Saved data entries
+---+

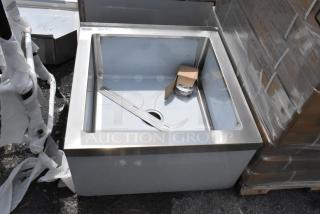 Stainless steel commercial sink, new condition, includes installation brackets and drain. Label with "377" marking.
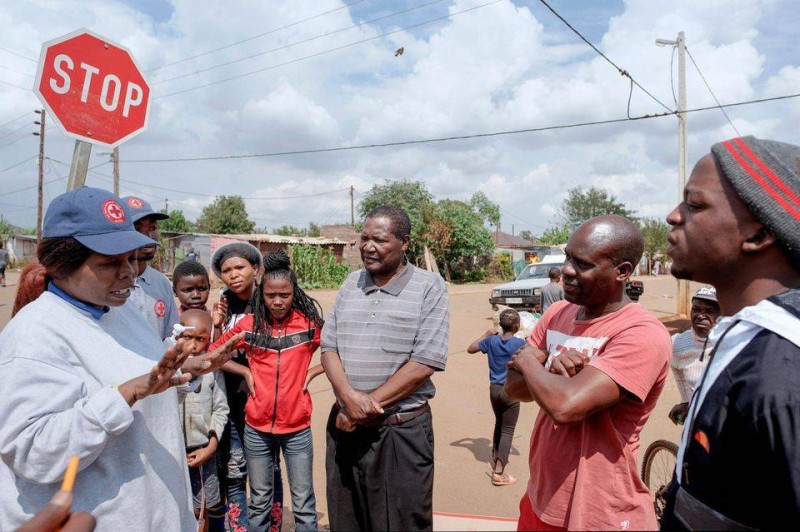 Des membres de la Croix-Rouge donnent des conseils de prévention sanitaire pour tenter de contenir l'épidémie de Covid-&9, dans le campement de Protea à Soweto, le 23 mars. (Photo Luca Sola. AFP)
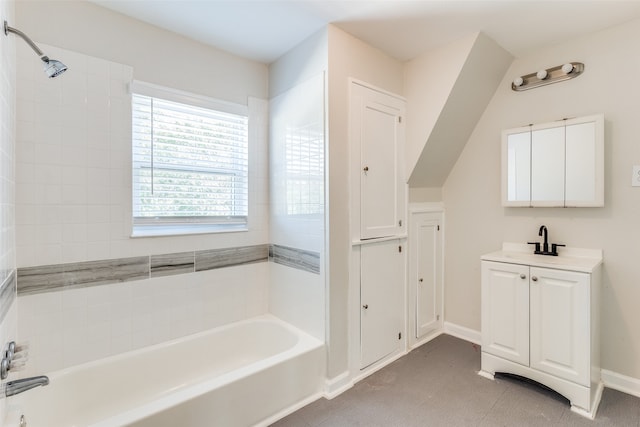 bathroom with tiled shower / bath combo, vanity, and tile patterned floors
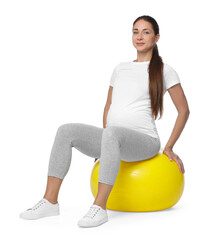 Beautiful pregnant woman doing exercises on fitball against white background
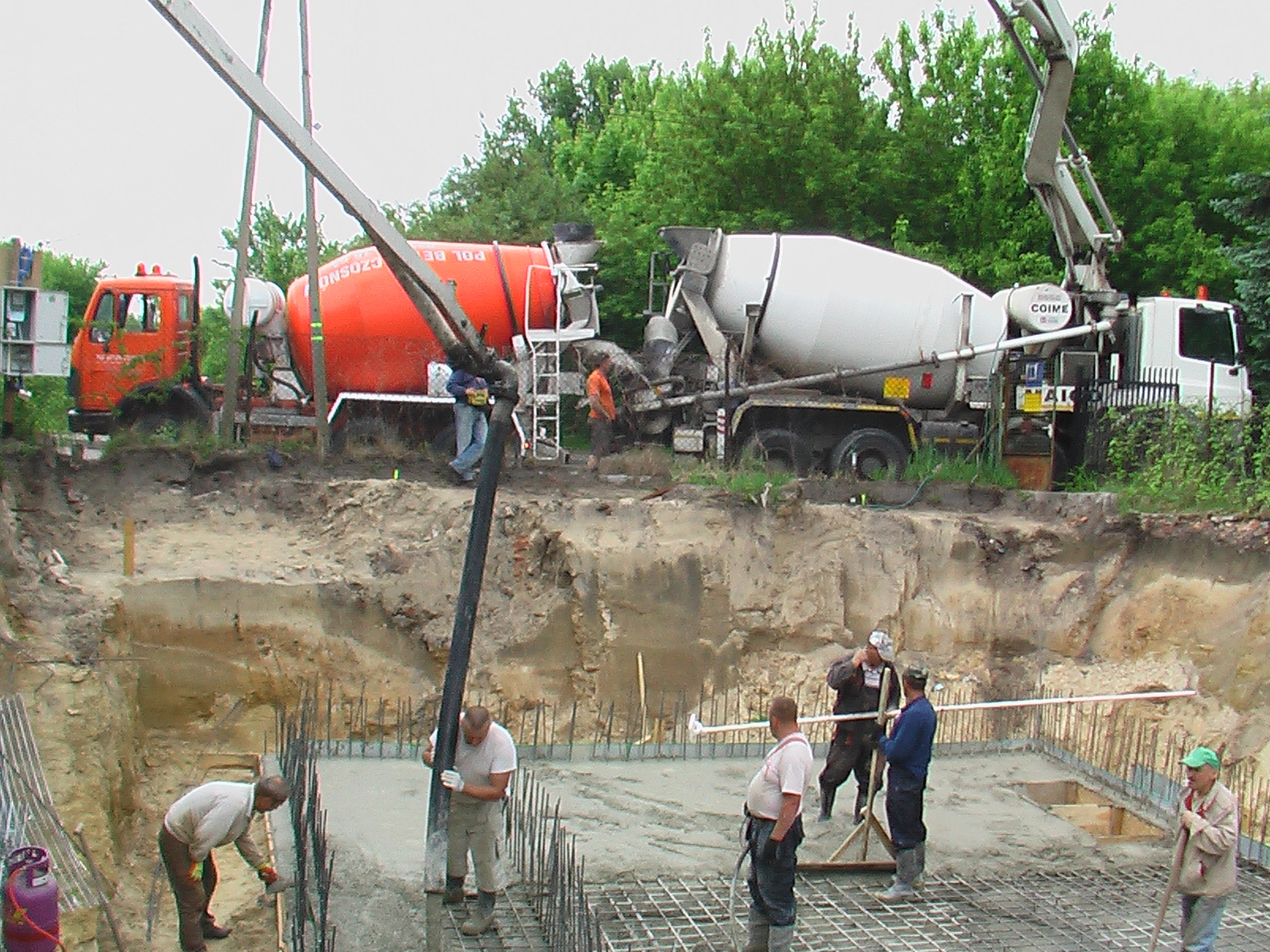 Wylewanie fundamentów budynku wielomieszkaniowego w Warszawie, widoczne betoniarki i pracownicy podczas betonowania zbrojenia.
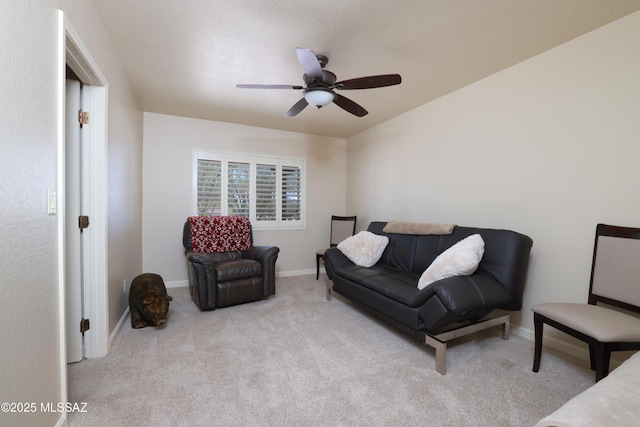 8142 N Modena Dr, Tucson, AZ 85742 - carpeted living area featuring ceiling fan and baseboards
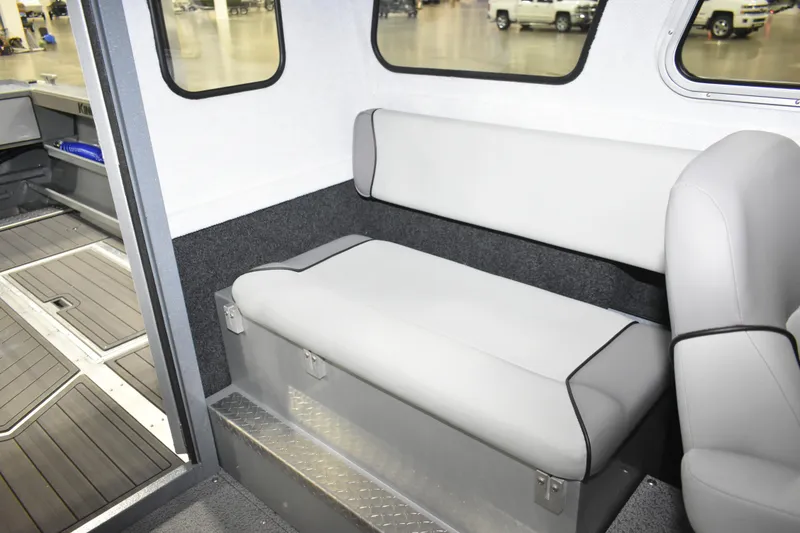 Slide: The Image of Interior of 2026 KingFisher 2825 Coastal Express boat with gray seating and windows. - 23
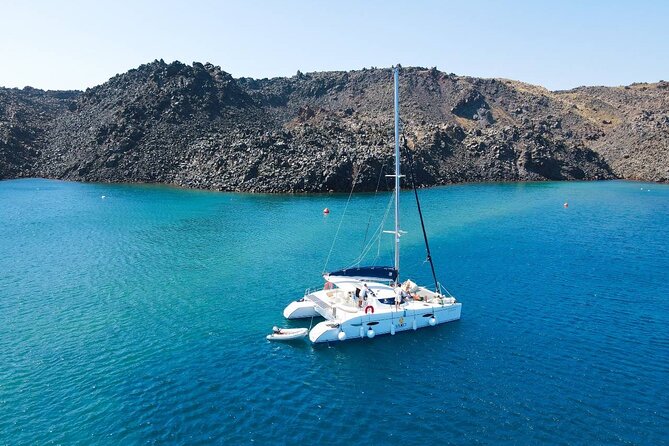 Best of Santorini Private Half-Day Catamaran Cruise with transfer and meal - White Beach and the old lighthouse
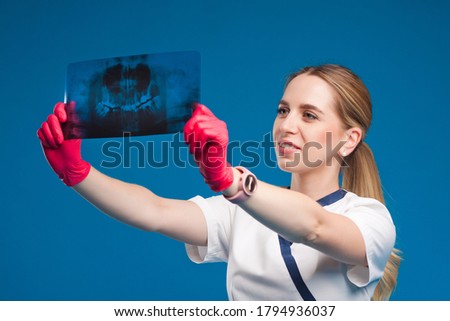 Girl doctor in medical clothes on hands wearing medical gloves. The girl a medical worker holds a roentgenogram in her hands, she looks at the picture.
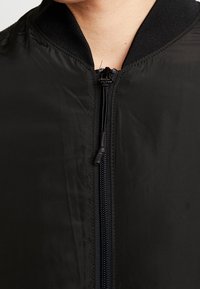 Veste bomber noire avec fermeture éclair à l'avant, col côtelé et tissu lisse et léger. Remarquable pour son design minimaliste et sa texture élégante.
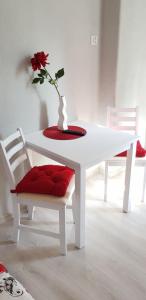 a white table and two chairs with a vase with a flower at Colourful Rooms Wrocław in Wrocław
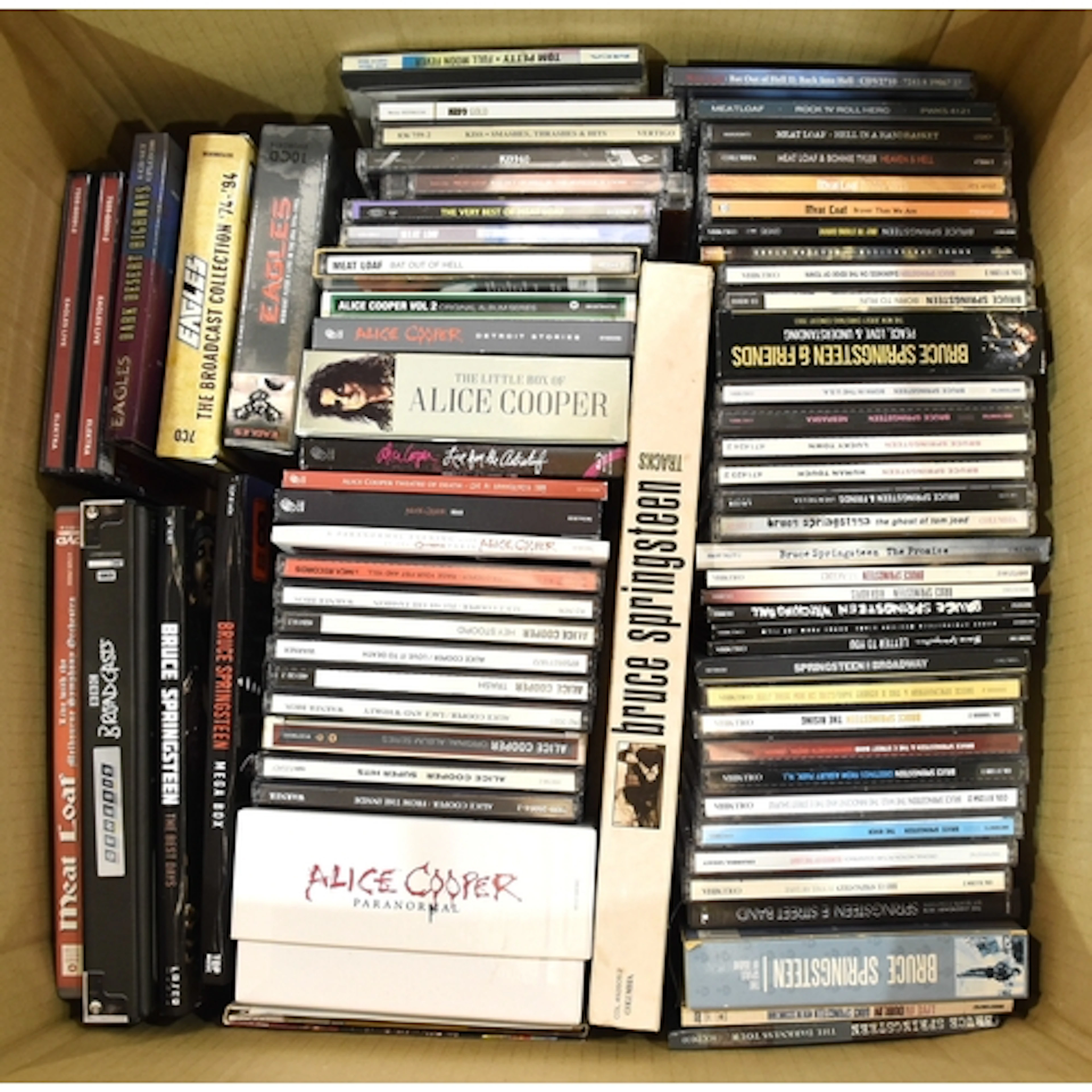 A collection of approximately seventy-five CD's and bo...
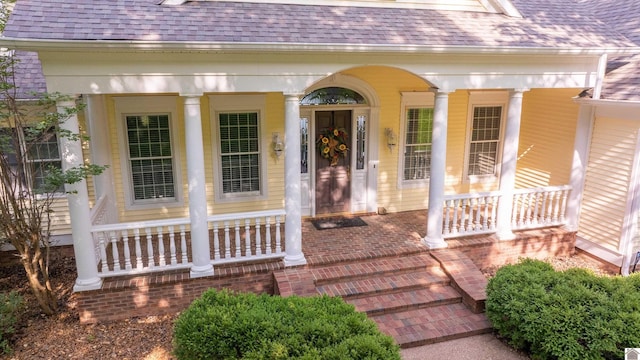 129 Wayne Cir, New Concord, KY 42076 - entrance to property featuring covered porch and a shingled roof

+---+

EXERCISE DESCRIPTION: Only the text of the entries above, transcribed exactly, should be given; leave out pictures.

FINAL ANSWER:
 Stainless steel commercial sink, new condition, includes installation brackets and drain. Label with "377" marking.
 Des membres de la Croix-Rouge donnent des conseils de prévention sanitaire pour tenter de contenir l'épidémie de Covid-&9, dans le campement de Protea à Soweto, le 23 mars. (Photo Luca Sola. AFP)
 bathroom with tiled shower / bath combo, vanity, and tile patterned floors
 Beautiful pregnant woman doing exercises on fitball against white background
 Wylewanie fundamentów budynku wielomieszkaniowego w Warszawie, widoczne betoniarki i pracownicy podczas betonowania zbrojenia.
 8142 N Modena Dr, Tucson, AZ 85742 - carpeted living area featuring ceiling fan and baseboards
 Slide: The Image of Interior of 2026 KingFisher 2825 Coastal Express boat with gray seating and windows. - 23
 Best of Santorini Private Half-Day Catamaran Cruise with transfer and meal - White Beach and the old lighthouse
 Girl doctor in medical clothes on hands wearing medical gloves. The girl a medical worker holds a roentgenogram in her hands, she looks at the picture.
 Veste bomber noire avec fermeture éclair à l'avant, col côtelé et tissu lisse et léger. Remarquable pour son design minimaliste et sa texture élégante.
 a white table and two chairs with a vase with a flower at Colourful Rooms Wrocław in Wrocław
 A collection of approximately seventy-five CD's and bo...
 129 Wayne Cir, New Concord, KY 42076 - entrance to property featuring covered porch and a shingled roof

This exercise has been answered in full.